In this study, magnesium-ion-substituted, sodium-deficient, P3- and P2-layered manganese oxide cathodes (Na_0.67Mg_0.1Mn_0.9O₂) were synthesized through a facile polyol-assisted combustion technique for applications in sodium-ion batteries. The electrochemical reaction pathways, structural integrity, and long cycling ability at low current rates of the P3- and P2-phases of the Na_0.67Mg_0.1Mn_0.9O₂ cathodes were investigated using time-consuming techniques, such as galvanostatic titration and series cyclic voltammetry. The results obtained from these techniques were supported by those obtained from operando X-ray diffraction (XRD) analysis. Particularly, the P2-phase provided excellent structural stability owing to its intrinsic crystal structure, thereby exhibiting a reversible capacity retention of 82.6% after 262 cycles at a low rate of 0.1 C; in contrast, the P3-phase exhibited a capacity retention of 38.7% after 241 cycles at a similar current rate. The air stability of these as-prepared powders, which were stored under ambient conditions, was progressively analyzed over a period of 6 months through XRD without conducting any special experiments. The results suggest that in the P3-phase, the formation of NaHCO₃ and hydrated phase impurities, resulting from Na⁺/H⁺ exchange and hydration reactions, respectively, was likely to occur more quickly, that is, within a few days, compared to that in the P2-phase.

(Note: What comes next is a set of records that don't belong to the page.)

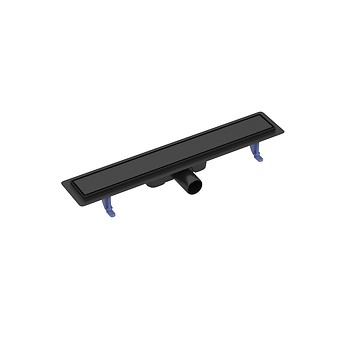 Linear drain tako 60 with double-side grate black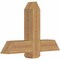 Ekena Millwork Eugene Smooth Timber Gable Bracket, Western Red Cedar, 36"W x 24"H x 5 1/2"D x 5 1/2"F, 16/12 Pitch GBW036X24X0606EUG00SWR - alternate 3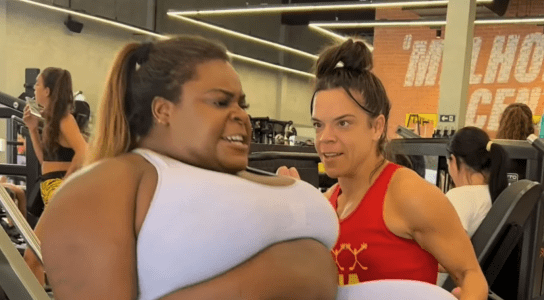 Jojo Todynho foi treinada por Carol Vaz antes de realizar a cirurgia bariátrica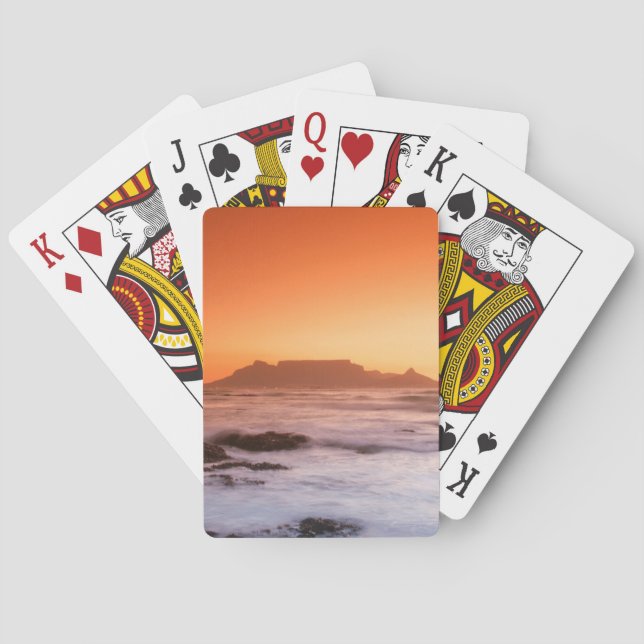 Table Mountain vid solnedgång, Bloubergstrand Casinokort (Baksidan)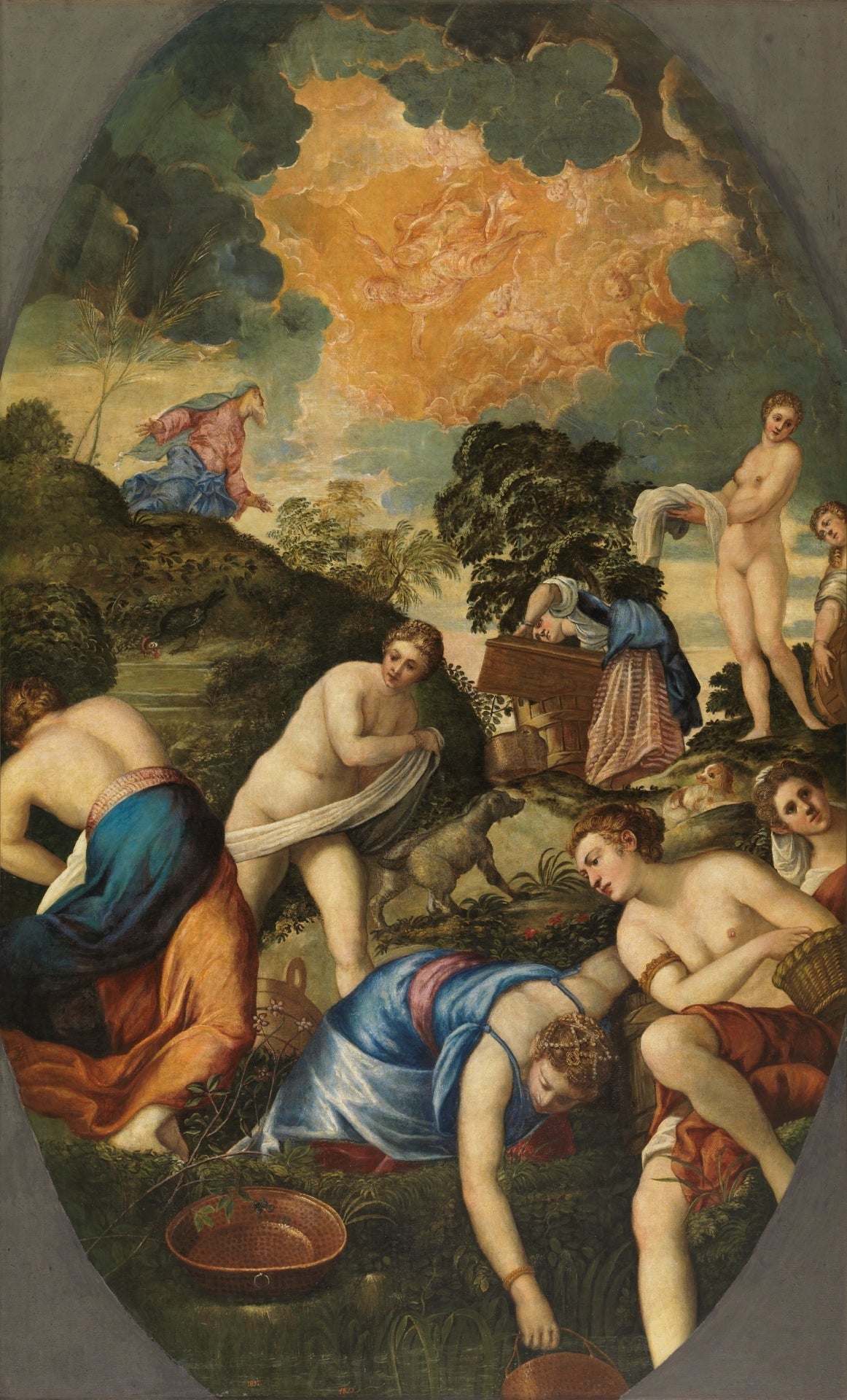 La purification des vierges madianites - Jacopo Tintoretto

Structural Origins of Voltage Hysteresis in the Na-Ion Cathode P2-Na0.67[Mg0.28Mn0.72]O2: A Combined Spectroscopic and Density Functional Theory Study

P2-layered sodium-ion battery (NIB) cathodes are a promising class of Na-ion electrode materials with high Na+ mobility and relatively high capacities. In this work, we report the structural changes that take place in P2-Na0.67[Mg0.28Mn0.72]O2. Using ex situ X-ray diffraction, Mn K-edge extended X-ray absorption fine structure, and 23Na NMR spectroscopy, we identify the bulk phase changes along the first electrochemical charge-discharge cycle-including the formation of a high-voltage "Z phase", an intergrowth of the OP4 and O2 phases. Our ab initio transition state searches reveal that reversible Mg2+ migration in the Z phase is both kinetically and thermodynamically favorable at high voltages. We propose that Mg2+ migration is a significant contributor to the observed voltage hysteresis in Na0.67[Mg0.28Mn0.72]O2 and identify qualitative changes in the Na+ ion mobility.